As the chief data officer, I was brought in to address these issues directly. In the past year alone, I’ve worked on two projects where the AI-generated data infrastructure slowly began to evolve over time.
Between many engineers trying to move quickly and the lack of standards, these designs became unmanageable. Code bases usually go through a certain level of evolution, but as different styles converge, LLMs also start to make their own changes. Codebases developed five to six different styles within months – a process that previously took years. Layer by layer, the engineers slowly stopped understanding what was going on.
The pattern echoes what happened a decade ago with self-service tooling: early productivity benefits masking downstream complexity.
And that’s why the software industry won’t be up to speed.
What makes the software industry work
There are several important principles to consider when building a software industry.
Platform on tools: Many teams are gradually applying AI to their edge coding workflow – adding a PR review agent or skills file to their environments. But building a real software industry requires a platform, not a set of tools at the edge. The platform provides a unified foundation where tools are not scattered in different corners. Instead, they actively share data, discuss, and work as one integrated system — standards, processes, and the work itself are all interconnected.
Reusability and traceability: A real platform needs the ability to go back to any run, identify what went wrong, and start again – that’s why agents come out once and don’t make a factory. The system needs to support taking the serial ID, looking it up, and tracking how it got to the product that produced it. That’s why state machines make more sense than AI workflow loops: they make it much easier to restart the process and understand what happened at each step.
Safety and security: Factories are not safe places. It is not a software industry. As more people develop on these platforms, better guard lines and safety measures must be created. Inspection and quality control must be pushed ahead of the process — catching bugs at the lowest point reduces repair costs and limits the radius of the explosion.
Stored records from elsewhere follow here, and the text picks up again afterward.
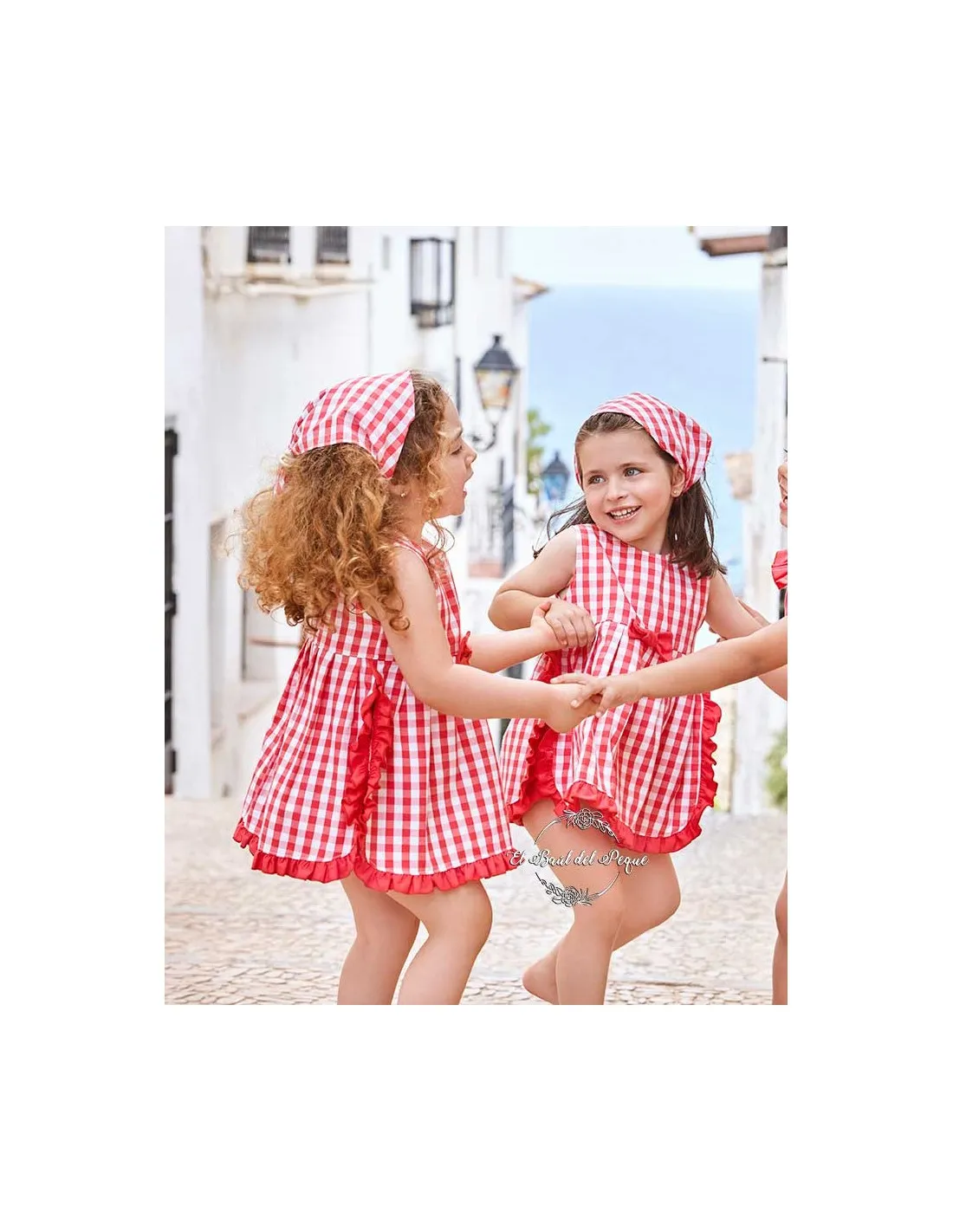 Vestido y Braga Niña Bebé Juliana Familia Jávea Cuadritos Fucsia
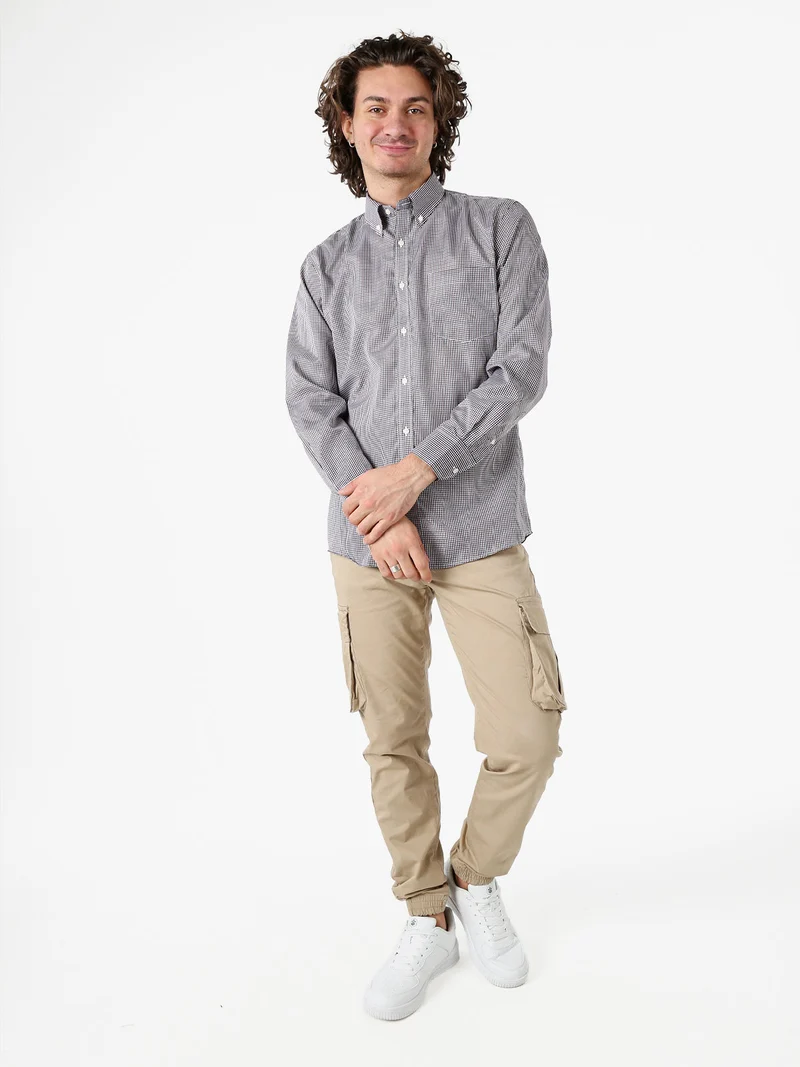 Camicia a quadretti da uomo con maniche lunghe - bordeaux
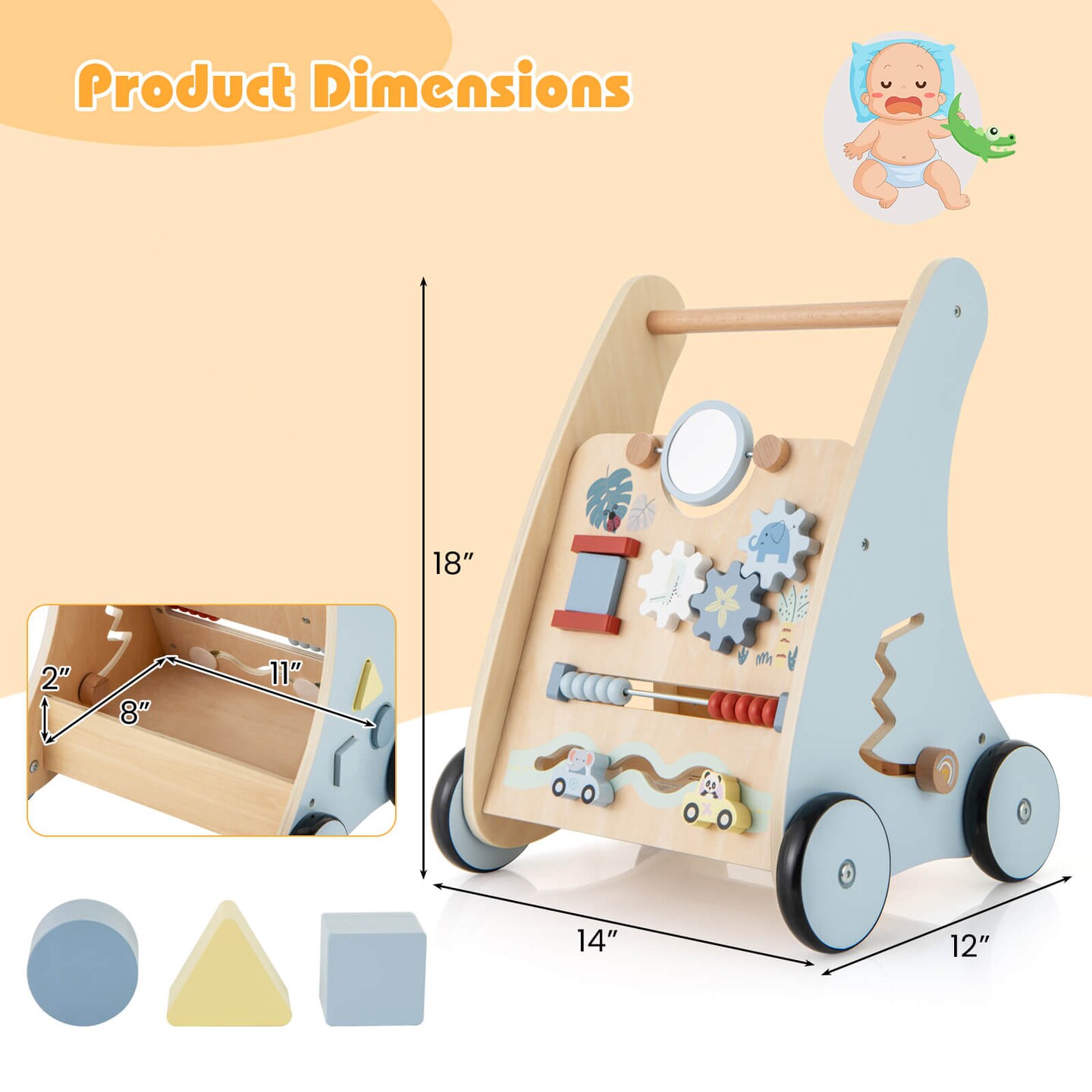 Costway Wooden Baby Walker Push &#x26; Pull Walker with Multi-Activity Learning Center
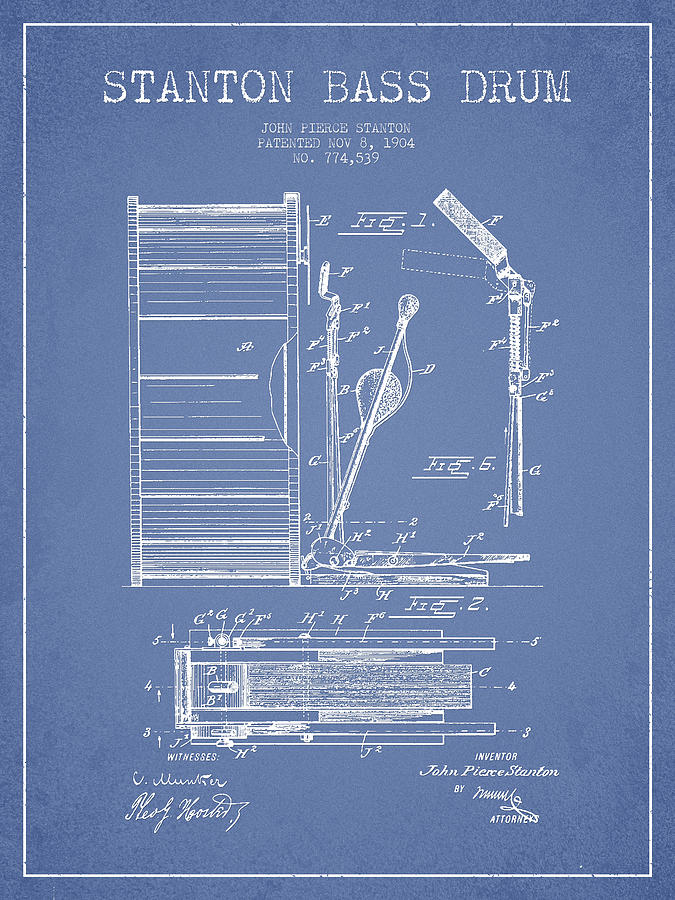 Music Digital Art - Stanton Bass Drum Patent Drawing from 1904 - Light Blue by Aged Pixel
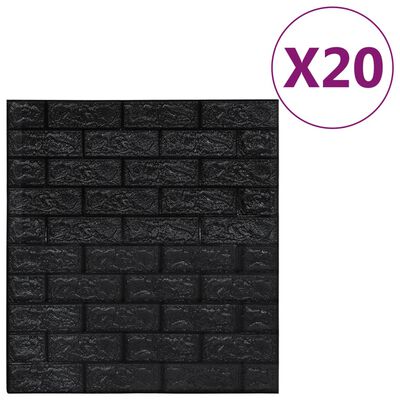 vidaXL 3D Wallpaper Bricks Self-adhesive 20 pcs Black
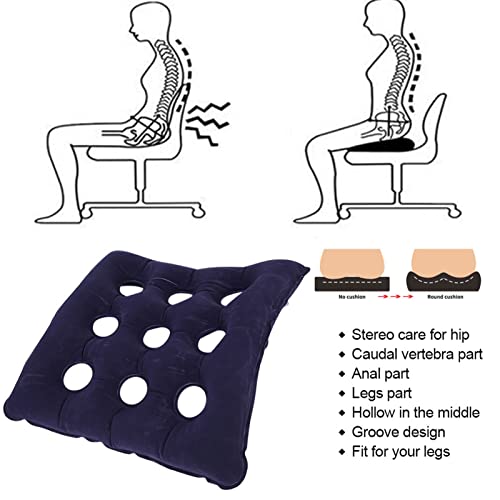 Yinhing Almohada para glúteos para el Cuidado de la Salud, Cojín antiescaras para Ancianos, Cojín Inflable para Silla, Almohada de Aire antiescaras, Almohada de Apoyo para la Espalda, Cojín (Azul2)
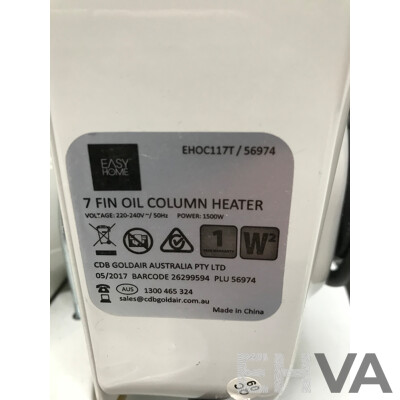 Lumina (CYB40-7T) Oil Heater and Easy Home 7 Fin Oil Column Heater - Lot of 2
Configuration: At the enterprise level, every codebase has its own flavor. Layering helper code on top of non-standards produces style integration. Configuration should be built into the system from the start.
Quality control: In older manufacturing models, quality control occurs at the end of the line. The product was built, tested, bugs were found, and later fixed. Toyota’s approach was different. Quality was pushed into the system itself – workers were expected to stop the line when something went wrong. The goal was not to catch mistakes in the end; it was to prevent them from flowing downstream in the first place.
The same is true for the software industry. QC needs to be baked into the entire process, starting with how the spec is written. That means integrating static code analysis that catches obvious errors and provides templates to LLMs so they know what design to follow. Otherwise, the bottleneck becomes the final update – or teams just release AI slop.
Speed without quality is not productivity
Improving the output speed of your code is not a real product if the downstream problems are not controlled. The company is not very productive because it produces millions of cars, and sees them all split within 100 miles. And it’s not very productive if all it does is generate an endless stream of proof of concept that doesn’t make it into production.
Real productivity is when a software factory takes ephemeral tokens and turns them into long-lasting output. It’s easy to talk about lines of code and how fast your team is moving.
The software industry that wins is not the one that produces the most code. It is the one that causes the fewest problems downstream.